A Bruxelles, almeno ufficialmente, Letta non ha però ottenuto il beneplacito ufficiale della Commissione, «la nostra posizione – ha infatti detto Barroso – per ora non cambia rispetto a novembre. Dovremo aspettare fine febbraio», quando saranno pubblicate le previsioni economiche d’inverno della Commissione, che al tempo stesso daranno la «pagella” all’Italia, per capire se ha cambiato parere. Va detto che da settimane lo stesso Rehn sta dando segnali di apertura e si dimostra possibilista. I margini di manovra (sempre comunque rispettando la soglia del deficit nominale al 3% del pil) sarebbero cruciali per rilanciare l’economia italiana, agevolerebbe l’utilizzo dei 31 miliardi di fondi strutturali cui l’Italia ha diritto per il periodo di bilancio Ue 2014–2020, ma che richiedono una somma più o meno equivalente di cofinanziamento nazionale.

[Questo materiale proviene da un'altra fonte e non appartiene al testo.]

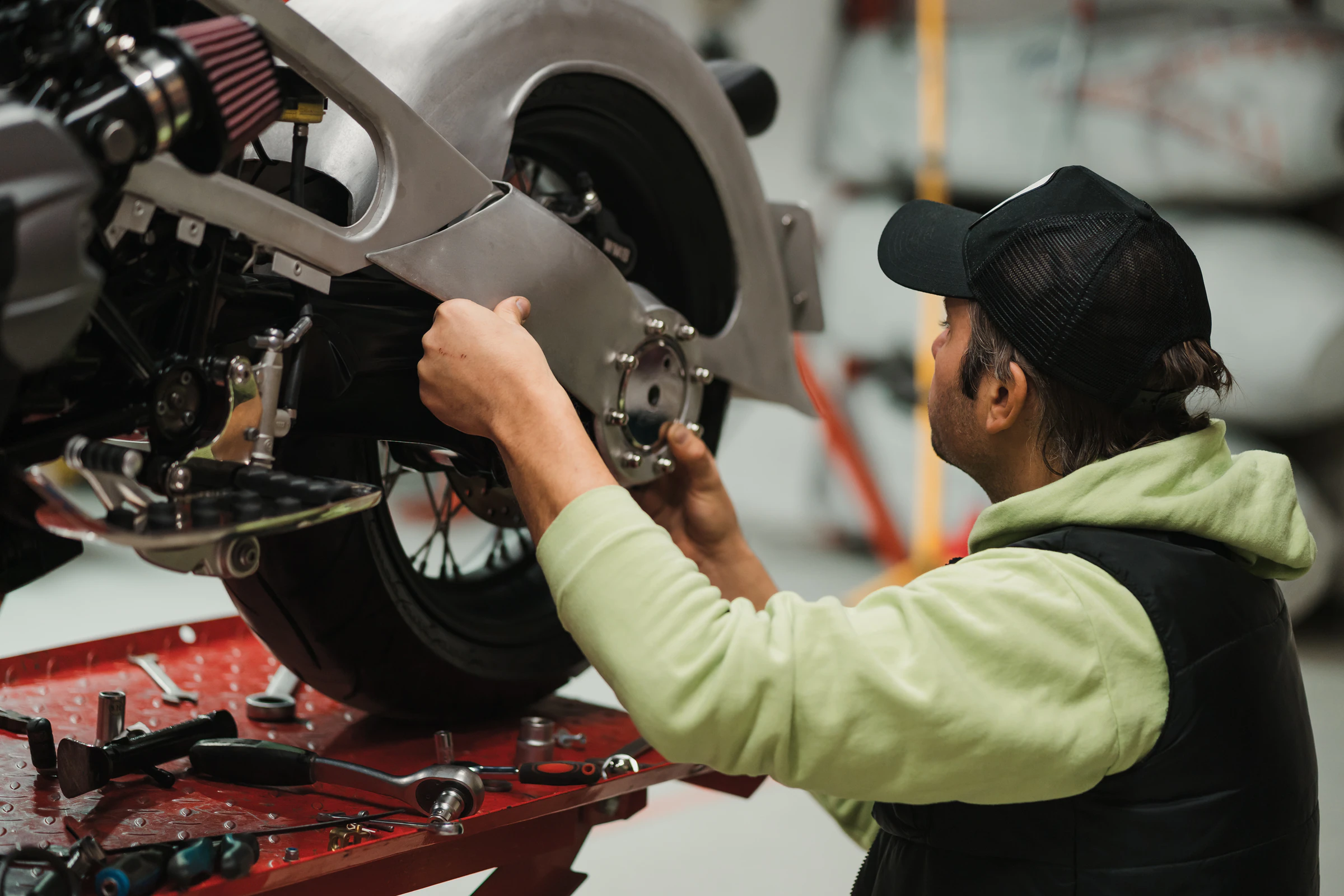 A mechanic checking over a motorbike before a high-altitude ride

Soprattutto, però, la Commissione ha voluto lanciare un monito molto chiaro – che sembra destinato più a sostenere Letta che a danneggiarlo: «l’Italia ha fatto negli ultimi tre anni progressi notevoli, ma la maratona è ancora lunga» dice Barroso. Occorre «dare più impeto e imprimere più velocità alle riforme strutturali». Perché così com’è «l’Italia resta vulnerabile, la situazione rimane fragile, la disciplina di bilancio deve restare». Sembra di capire, insomma, che Bruxelles tutto vuole tranne che, almeno per quest’anno un’ennesima crisi di governo e magari elezioni anticipate, o un rallentamento delle riforme. Chissà se lancerà lo stesso messaggio a Matteo Renzi, che a sua volta sbarcherà a Bruxelles il 17 e 18 febbraio prossimo.